What the task requires: Set down, word for word, the line with "Солнечная активность резко" and the lines after it through the final line of the data below, without pictures.

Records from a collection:
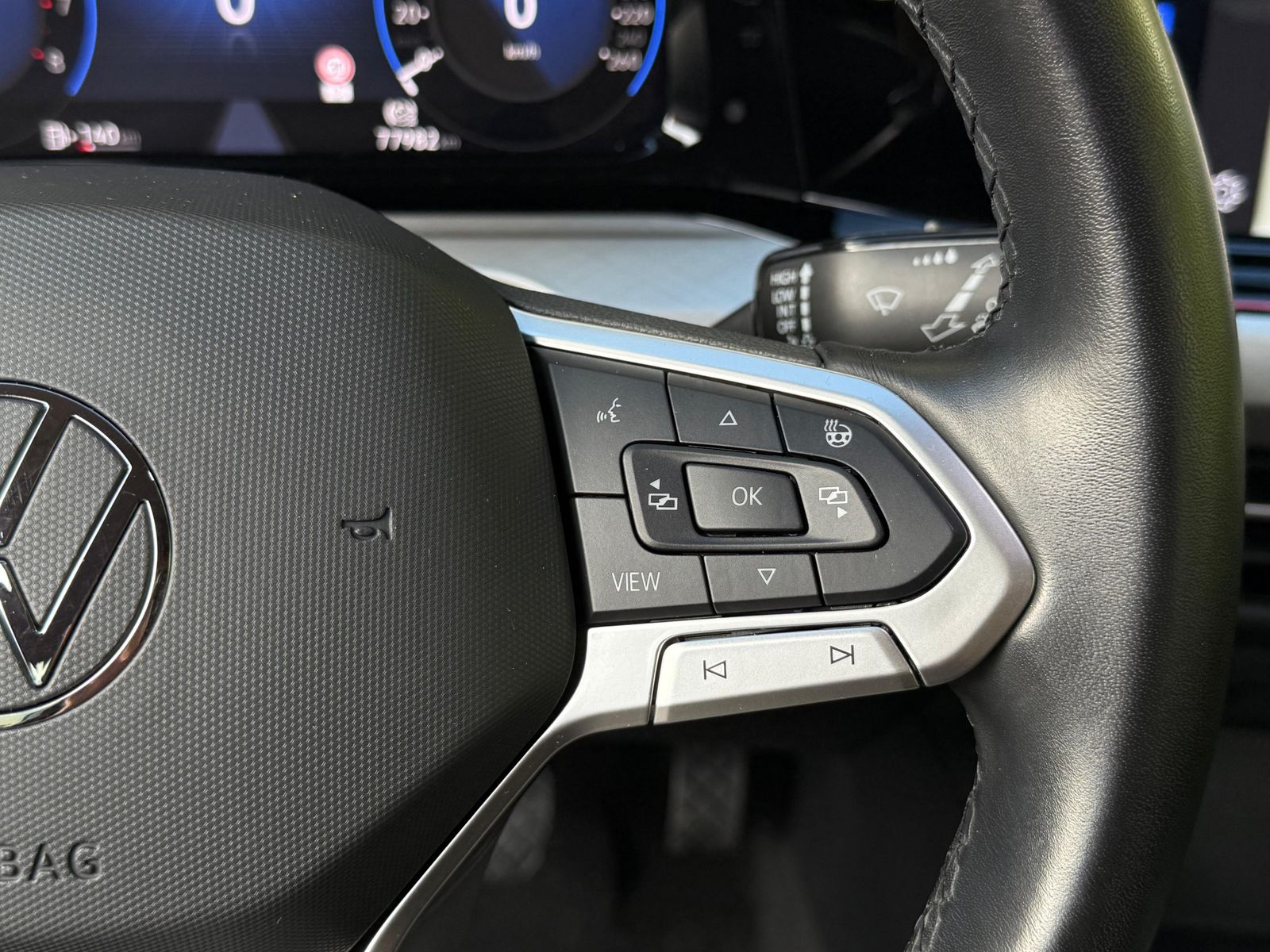 Fahrzeugabbildung Volkswagen Golf Variant 1.5 TSI Life LED+NAV+SHZ+PARK+VIRTU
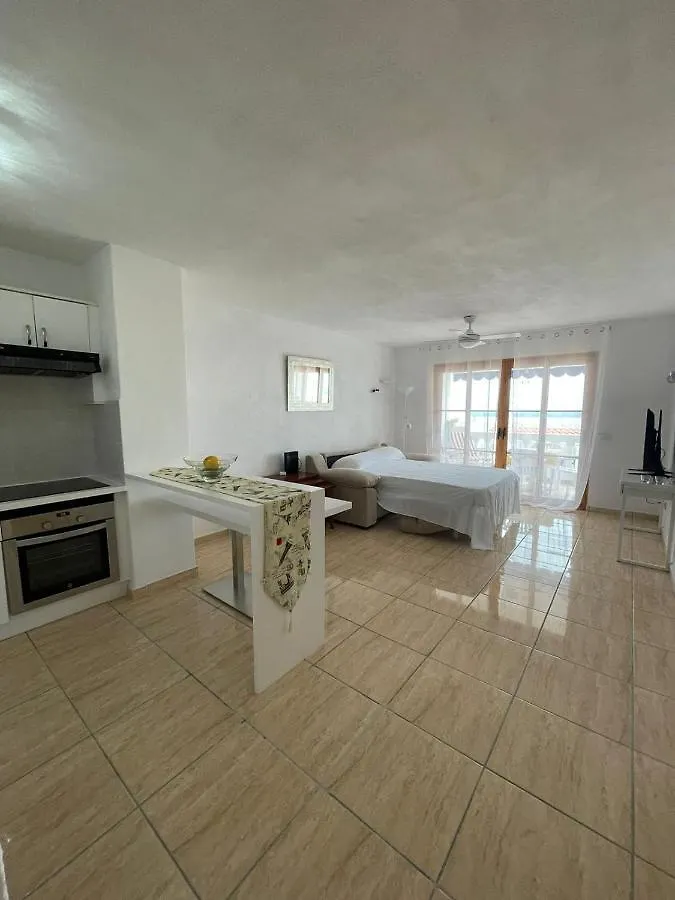 Santiago Beach, Los Cristianos Apartment With Air Conditioning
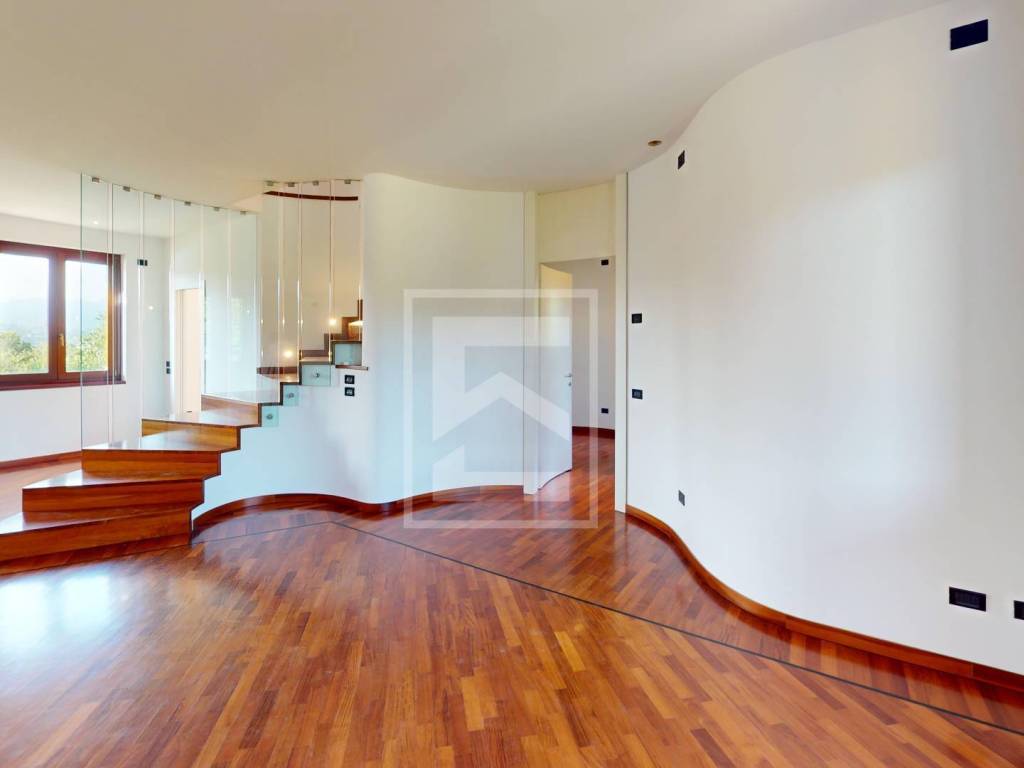 appartamento in vendita a Desenzano del Garda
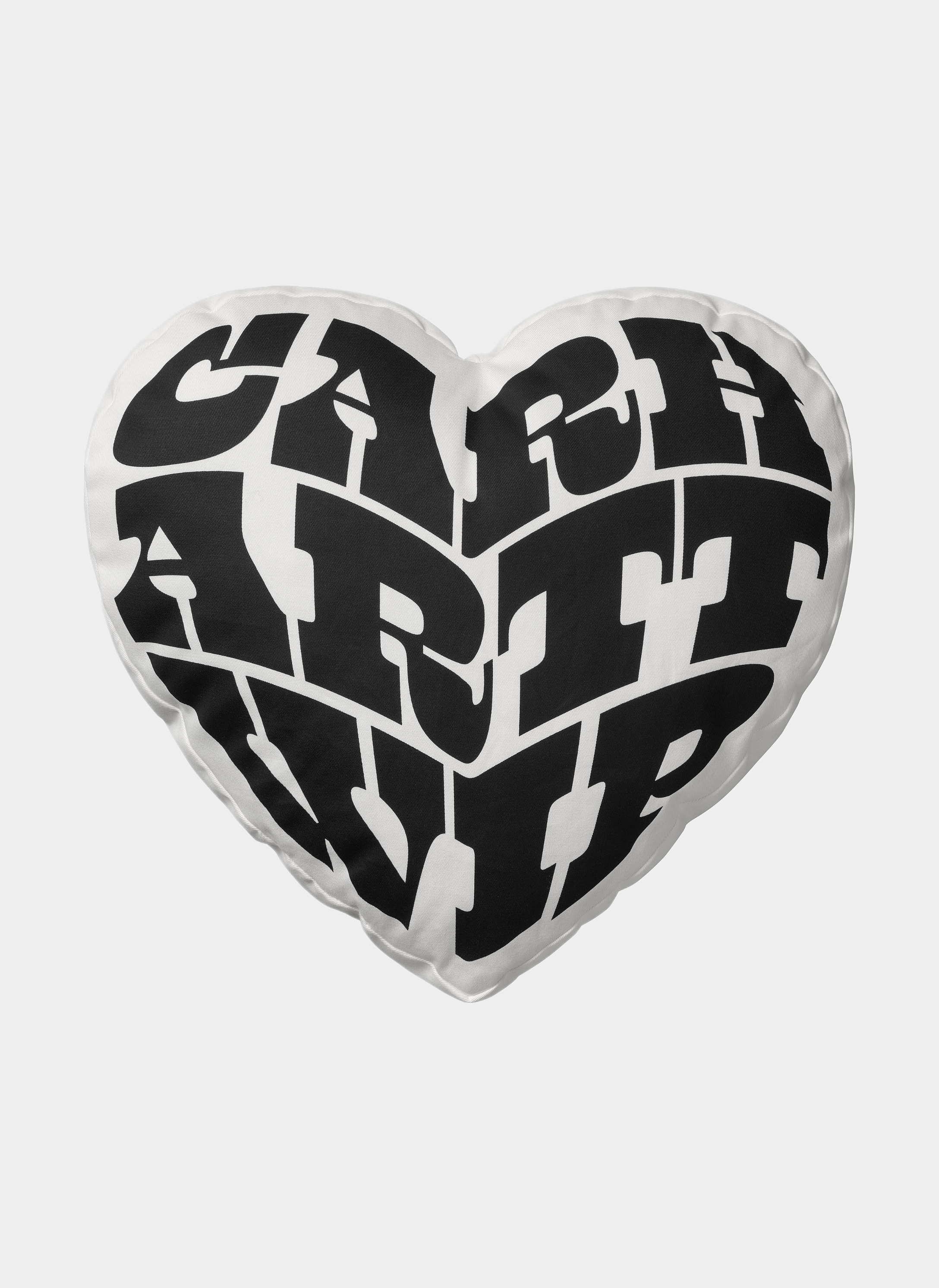 Подушка ‘Harttbreaker Pillow’ White / Black Подушка ‘Harttbreaker Pillow’ White / Black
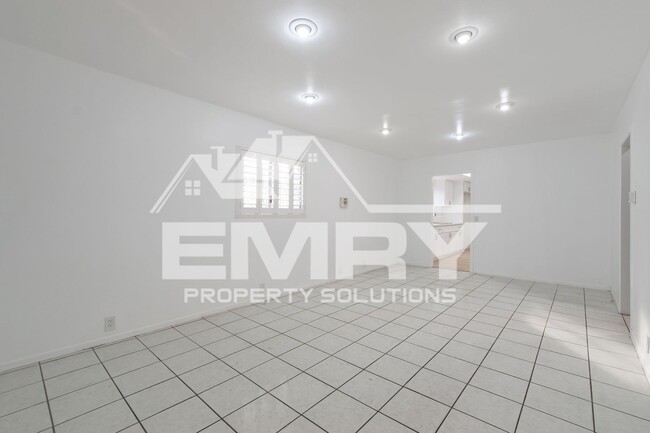 6221 Fishburn Ave in Bell, CA - Foto de edificio - Building Photo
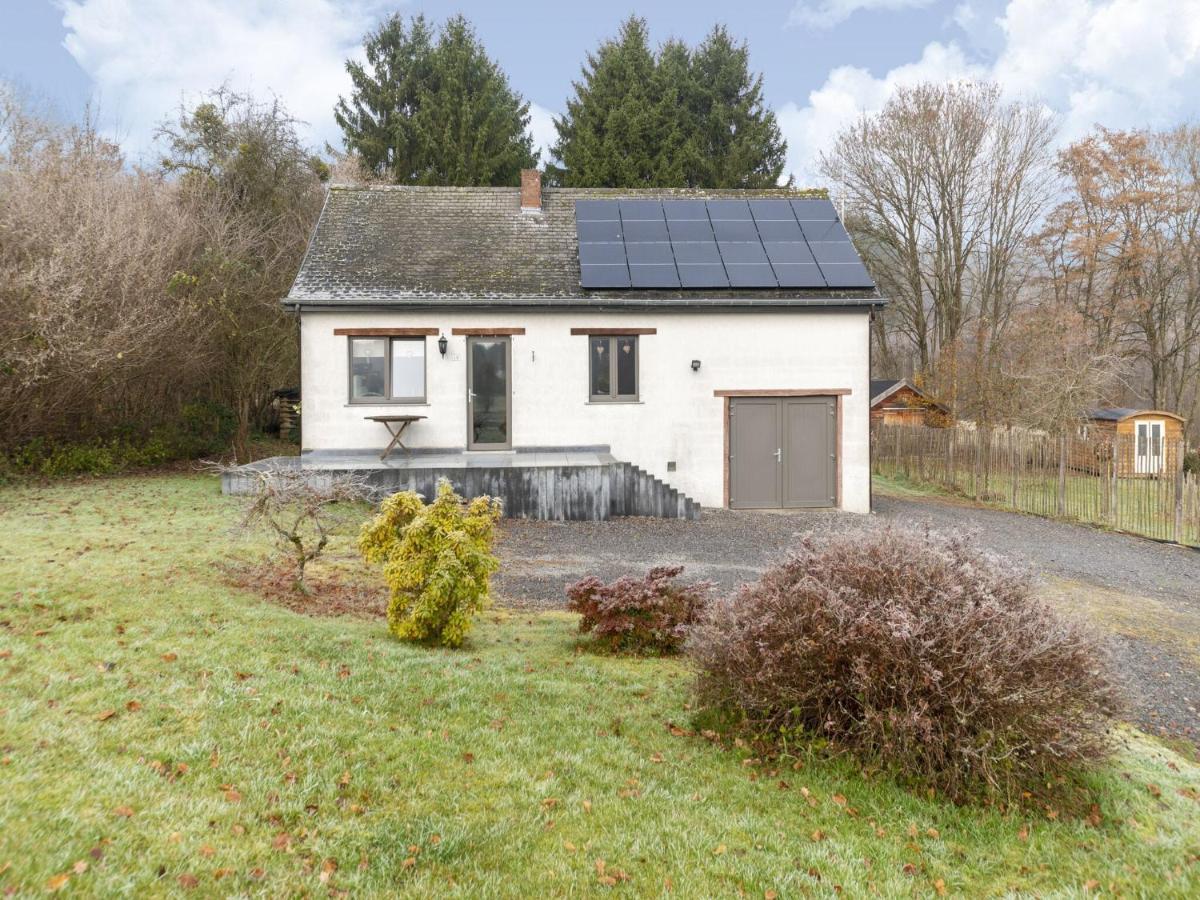 Pretty Holiday Home Near Durbuy And La Roche Erezee Exterior photo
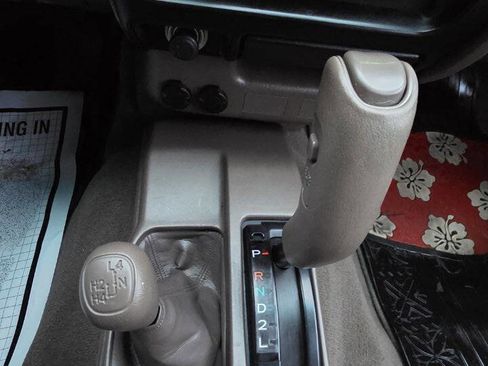 Used 2001 Toyota Tacoma 4x4 Double Cab image 12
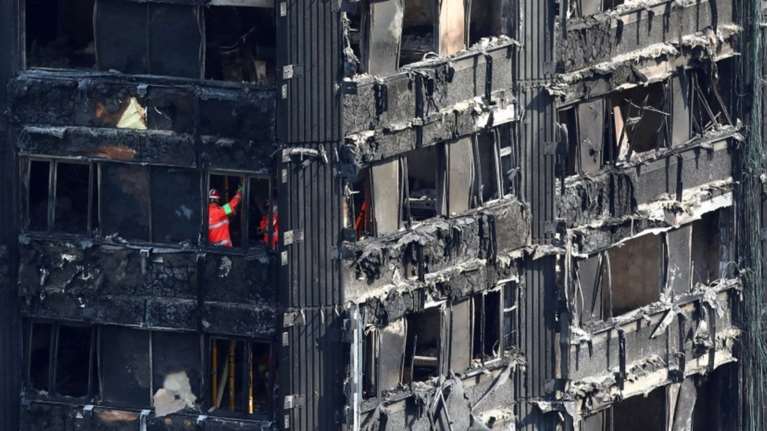 Ειδική ομάδα για την αναζήτηση αγνοουμένων στον πύργο Γκρένφελ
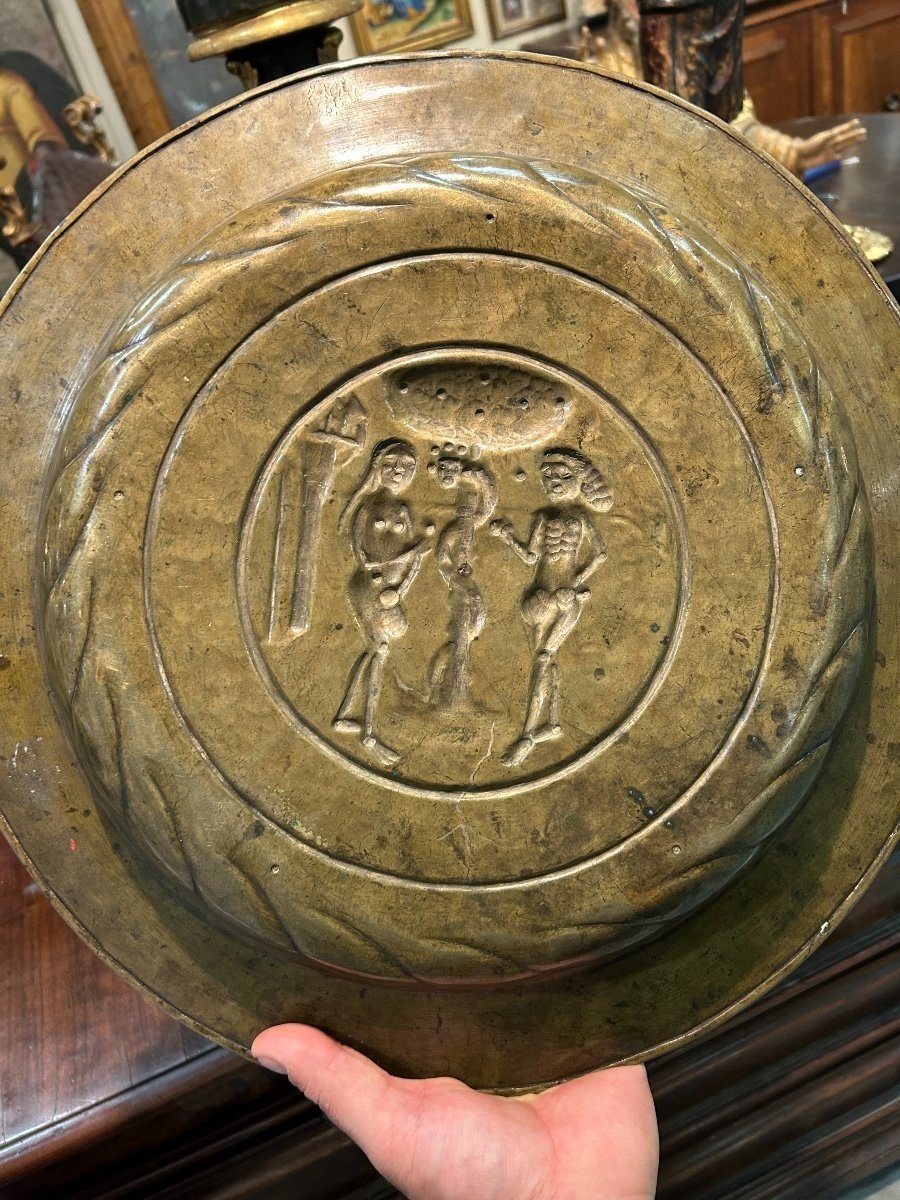 Assiette d'Aumônier En Cuivre Repoussé, Numberg XVIe Siècle-photo-2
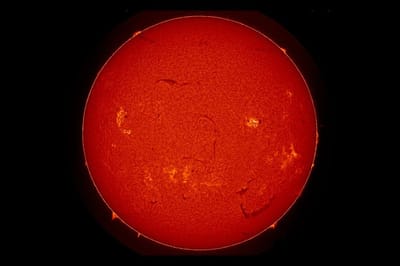 Солнечная активность резко возросла: за сутки зафиксировано 15 вспышек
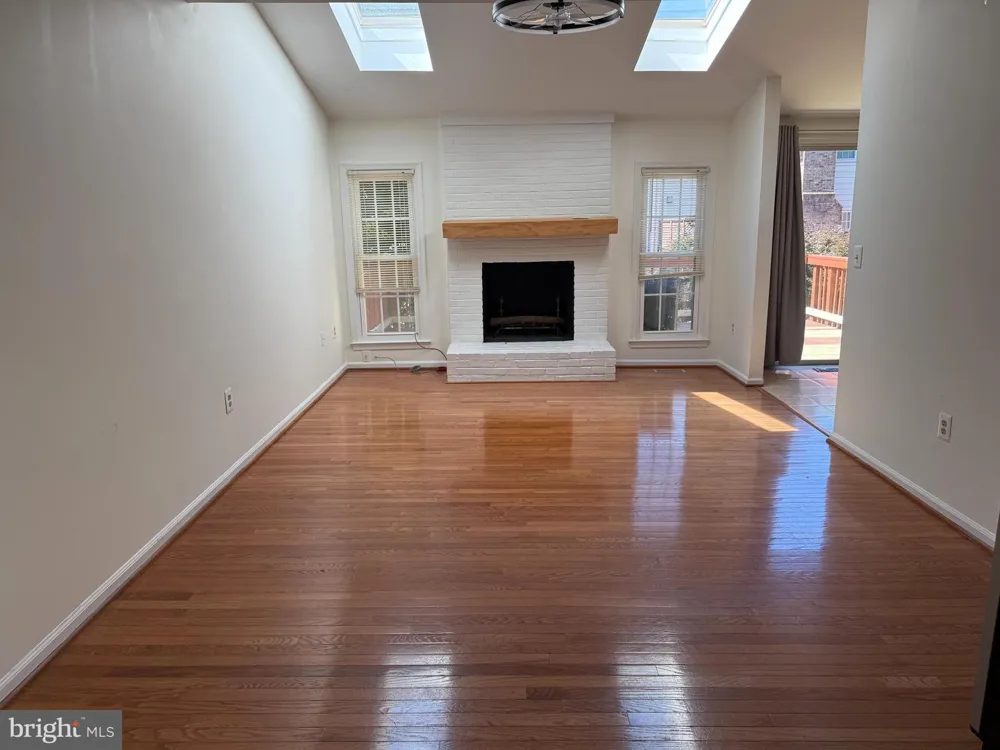 4637 LUXBERRY DRIVE Fairfax, VA 22032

Response box:
 Солнечная активность резко возросла: за сутки зафиксировано 15 вспышек
 4637 LUXBERRY DRIVE Fairfax, VA 22032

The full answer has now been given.